What the task requires - Take the entries below and print, exactly, the stretch from the line containing "Primary bathroom featuring" through the line containing "Oct 11, 2025;", both included.

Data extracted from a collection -
----------------

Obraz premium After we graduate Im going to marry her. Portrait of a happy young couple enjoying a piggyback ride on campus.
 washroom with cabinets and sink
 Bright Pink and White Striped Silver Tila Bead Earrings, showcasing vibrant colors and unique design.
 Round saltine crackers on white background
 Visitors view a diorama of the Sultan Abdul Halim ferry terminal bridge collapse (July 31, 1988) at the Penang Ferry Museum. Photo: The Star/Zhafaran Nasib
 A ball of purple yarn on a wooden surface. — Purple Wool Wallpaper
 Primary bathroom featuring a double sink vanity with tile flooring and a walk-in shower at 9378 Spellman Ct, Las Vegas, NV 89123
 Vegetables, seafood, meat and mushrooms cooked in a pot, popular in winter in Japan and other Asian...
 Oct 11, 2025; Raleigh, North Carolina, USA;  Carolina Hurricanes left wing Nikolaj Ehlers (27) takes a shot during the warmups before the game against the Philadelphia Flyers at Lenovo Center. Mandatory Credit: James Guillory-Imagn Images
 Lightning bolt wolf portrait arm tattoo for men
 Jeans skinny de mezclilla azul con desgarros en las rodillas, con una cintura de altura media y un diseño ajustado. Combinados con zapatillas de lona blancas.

----------------

Output below -
 Primary bathroom featuring a double sink vanity with tile flooring and a walk-in shower at 9378 Spellman Ct, Las Vegas, NV 89123
 Vegetables, seafood, meat and mushrooms cooked in a pot, popular in winter in Japan and other Asian...
 Oct 11, 2025; Raleigh, North Carolina, USA;  Carolina Hurricanes left wing Nikolaj Ehlers (27) takes a shot during the warmups before the game against the Philadelphia Flyers at Lenovo Center. Mandatory Credit: James Guillory-Imagn Images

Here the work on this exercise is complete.